I agree with his perspective. 

I also like this one...


----------



## strangestdude (Dec 8, 2011)

Just wanted to clarify; 

I agree with Matthew's video that nice guys tend to be inhibited guys, but I don't agree with him that it's a reprehensible trait. (ie. nice guys 'should' finish last).


----------



## monemi (Jun 24, 2013)

strangestdude said:


> Just wanted to clarify;
> 
> I agree with Matthew's video that nice guys tend to be inhibited guys, but I don't agree with him that it's a reprehensible trait. (ie. nice guys 'should' finish last).
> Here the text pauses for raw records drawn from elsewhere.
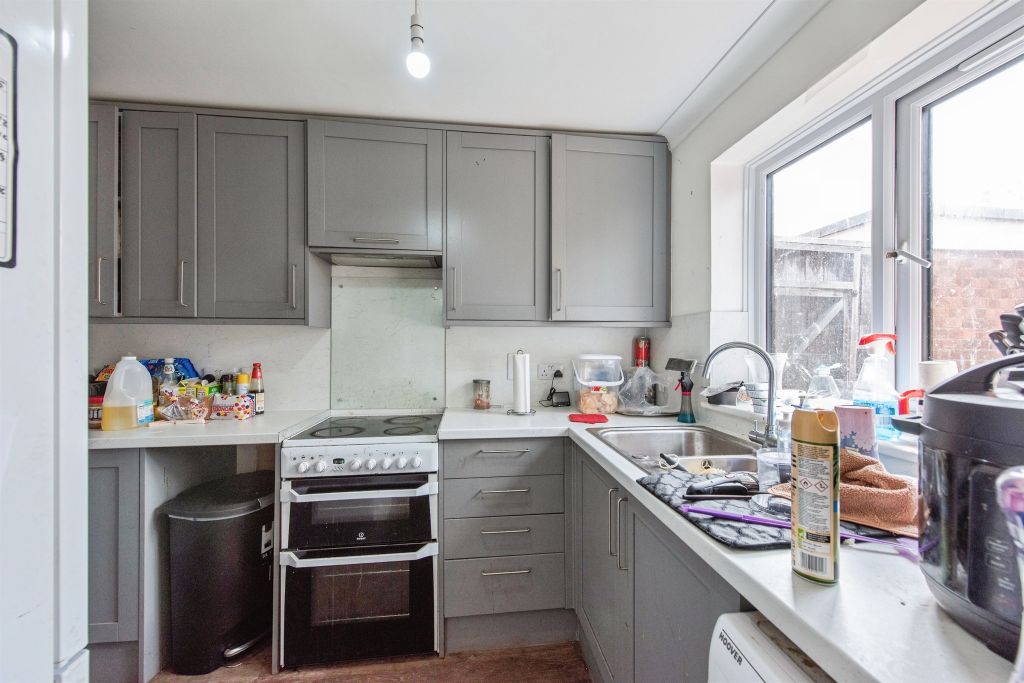 Property photo 2 of 17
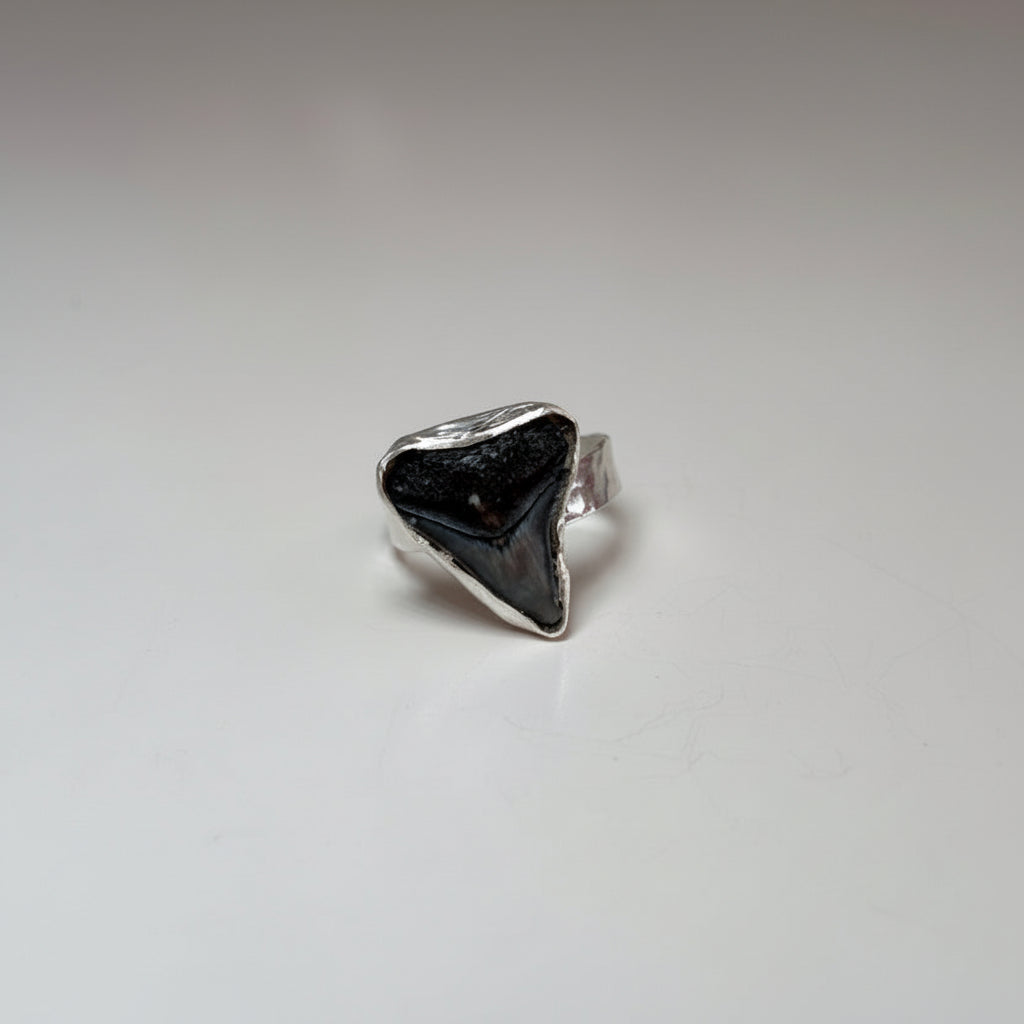 manō ring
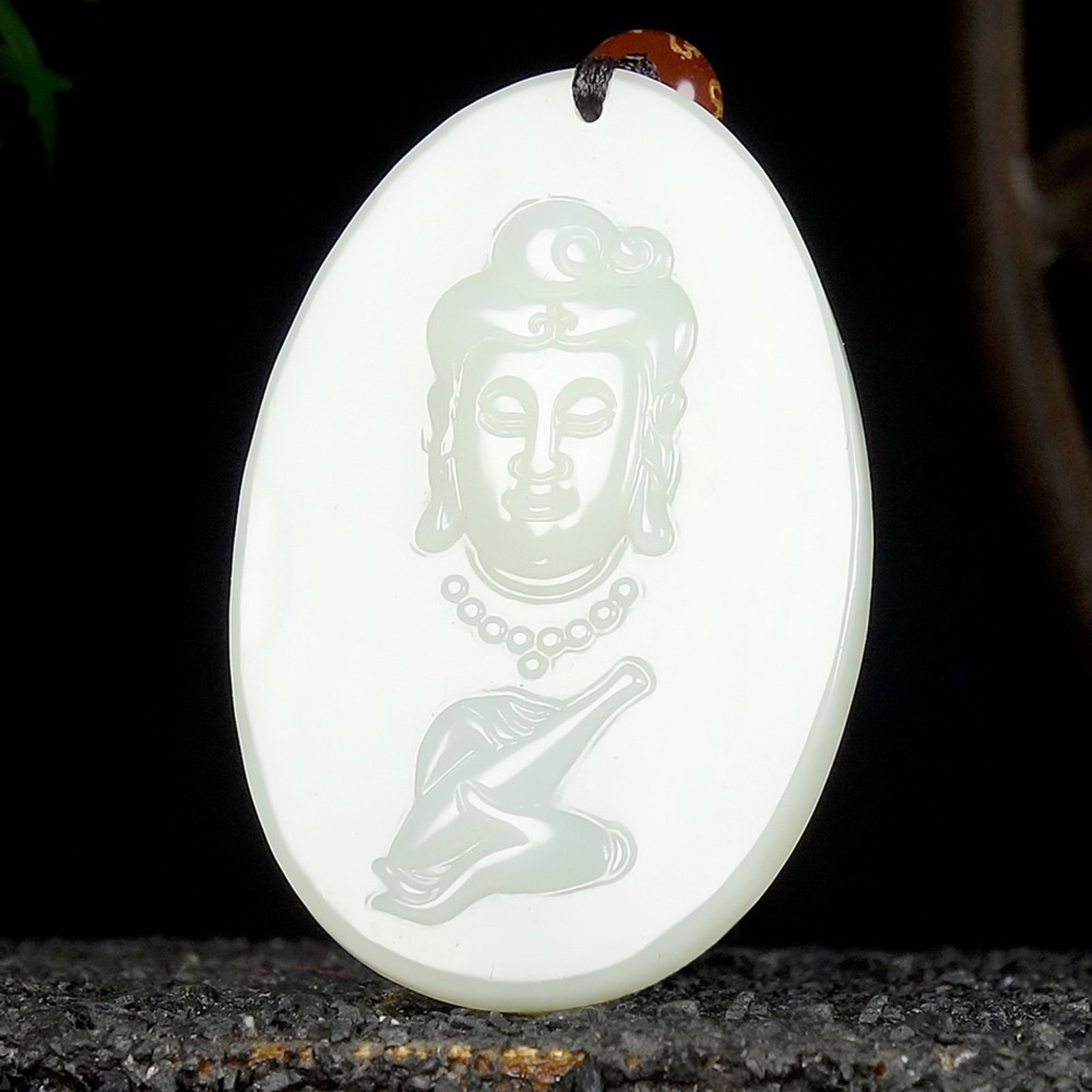 An Exquisite White Jade Statue of Avalokitesvara Pendant: An Exquisite White Jade Statue of Avalokitesvara Pendant,Size:48mmx32mmx8mm 白玉观音像挂件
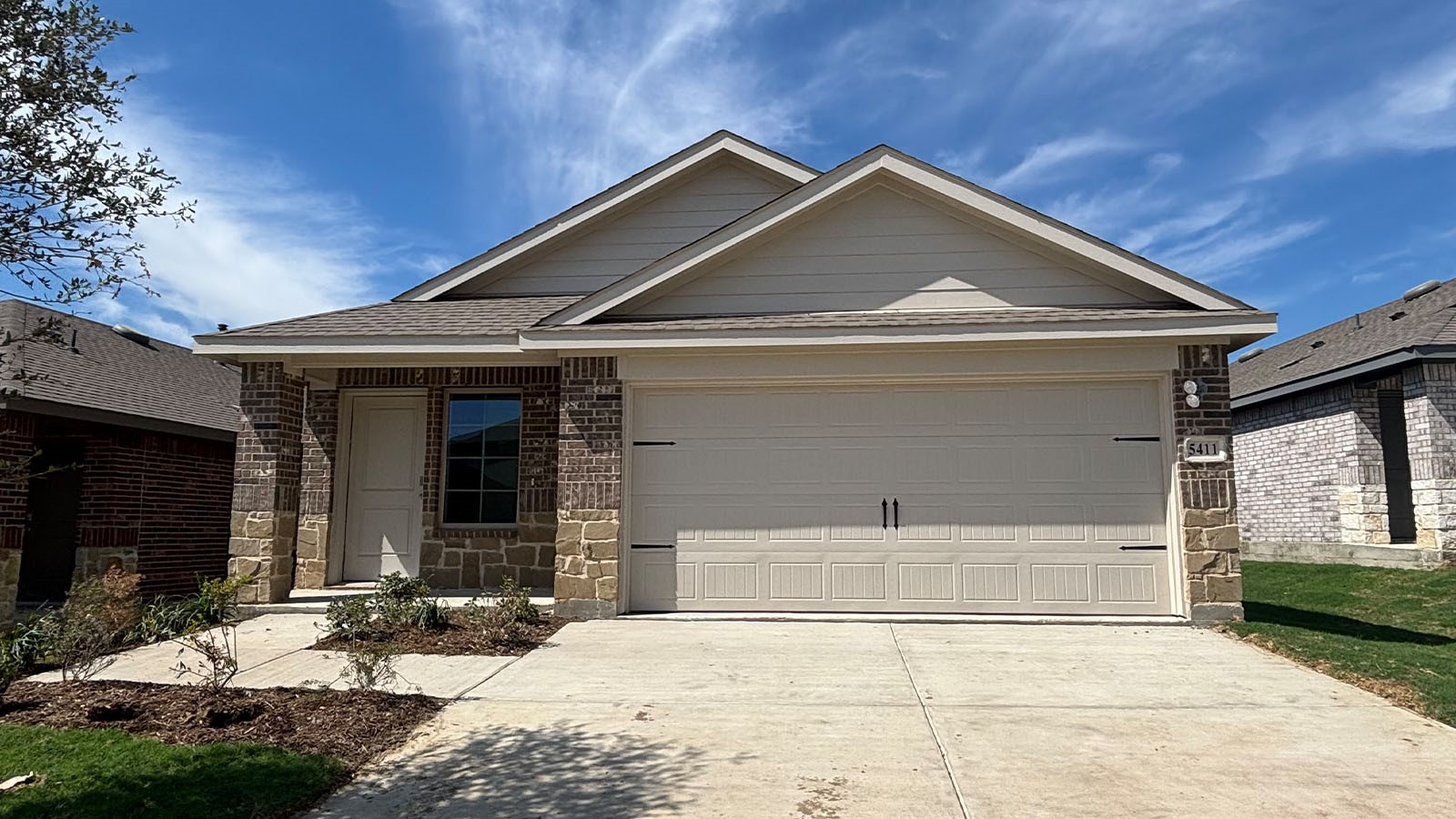 5411 Cormorant Grove — photo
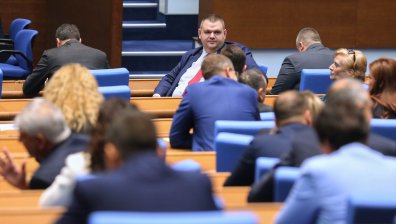 Депутатите остават без заплати, докато не си изберат председател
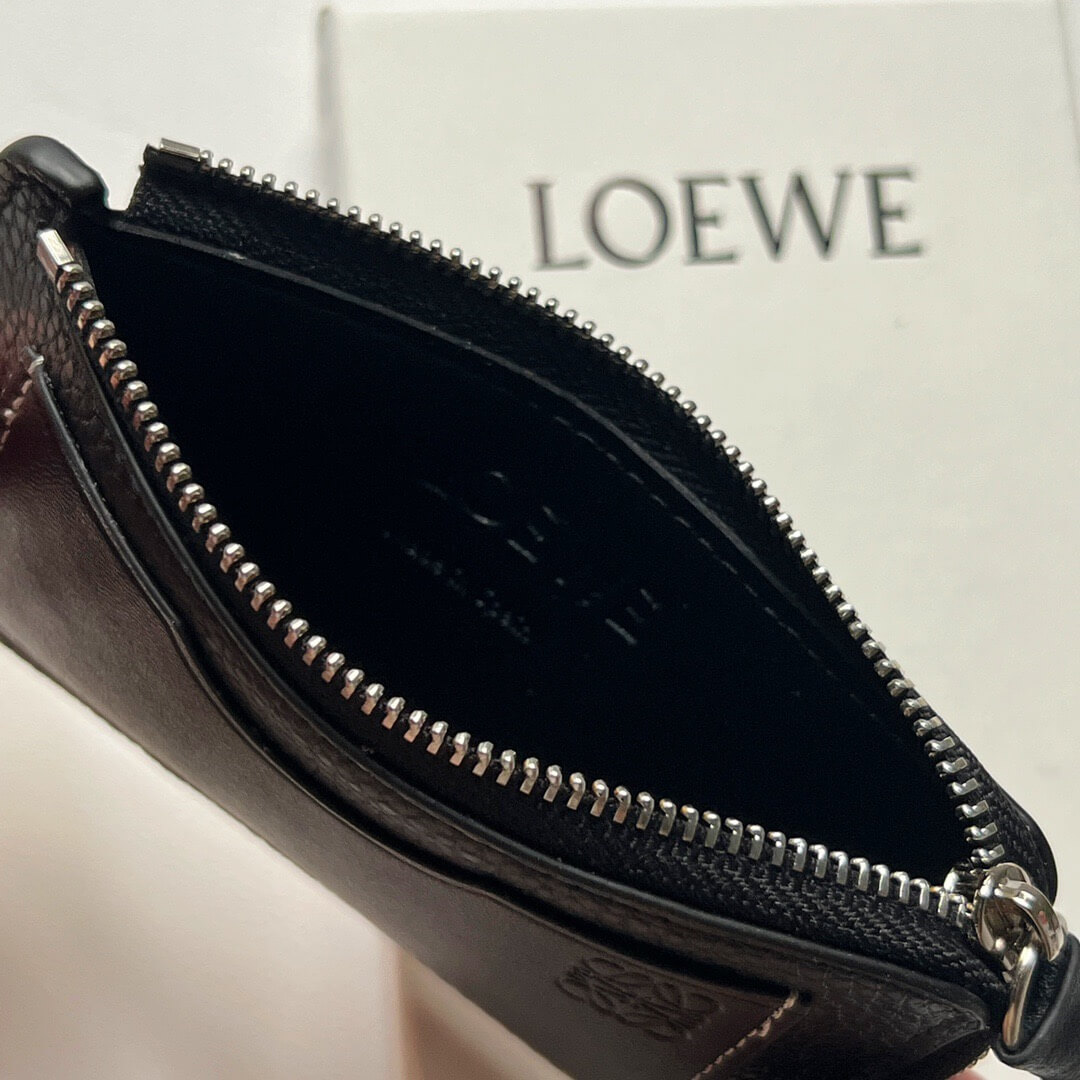 LOEW Card Holder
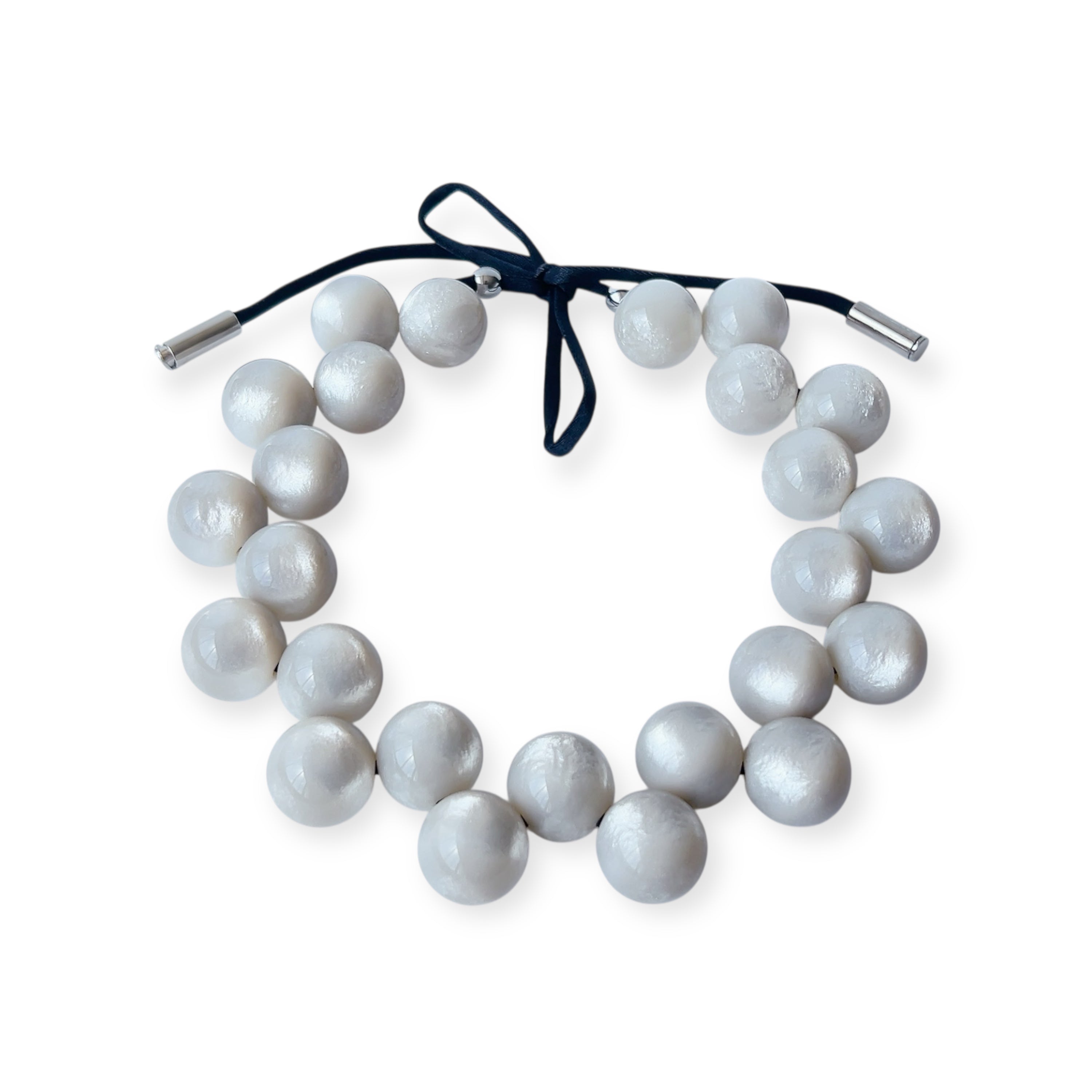 The Seventy- Audrey White Pearly Bold Necklace by Tessa Bijoux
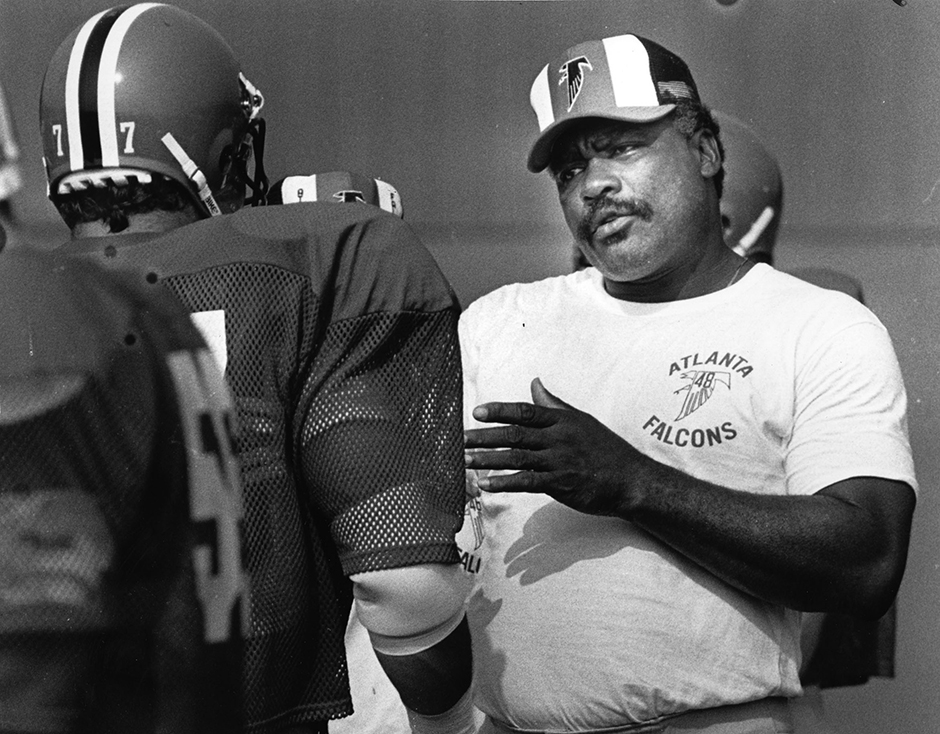 Today in Pro Football History: 1979: Falcons Trade Claude Humphrey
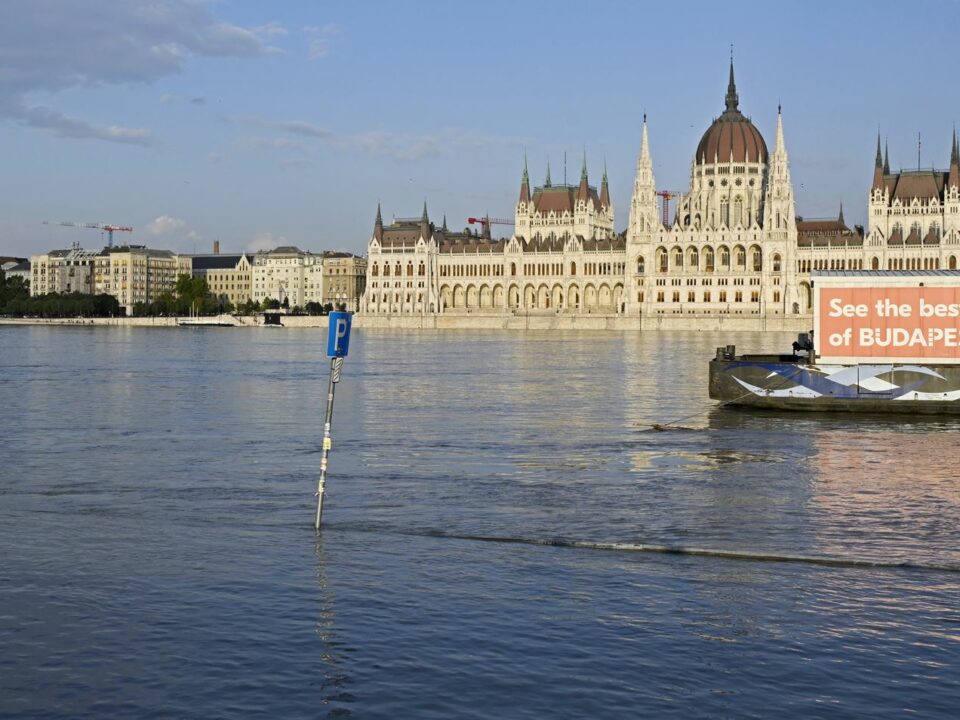 Flood in Hungary Budapest Hungarian Parliament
I expect inhibited people to finish last. Inhibited people don't risk failure and therefore never excel at anything. If you never deserve to be slapped or promoted, is that really living? My husband stands out for his kindness. He actively takes chances that can result in him getting hurt/rejected. But he excels at kindness. That's something worthy of respect. People that don't risk anything, gain nothing.


----------



## strangestdude (Dec 8, 2011)

monemi said:


> I expect inhibited people to finish last.


So do I.

I just think there are far worse things to be than inhibited, at least they are benign (if you've ever met a narcissistic or psychopathic personality you'll know what I'm talking about). I hope those mofos finish last, but it's probably going to be the nice guy.


----------



## monemi (Jun 24, 2013)

strangestdude said:


> So do I.
> 
> I just think there are far worse things to be than inhibited, at least they are benign (if you've ever met a narcissistic or psychopathic personality you'll know what I'm talking about). I hope those mofos finish last, but it's probably going to be the nice guy.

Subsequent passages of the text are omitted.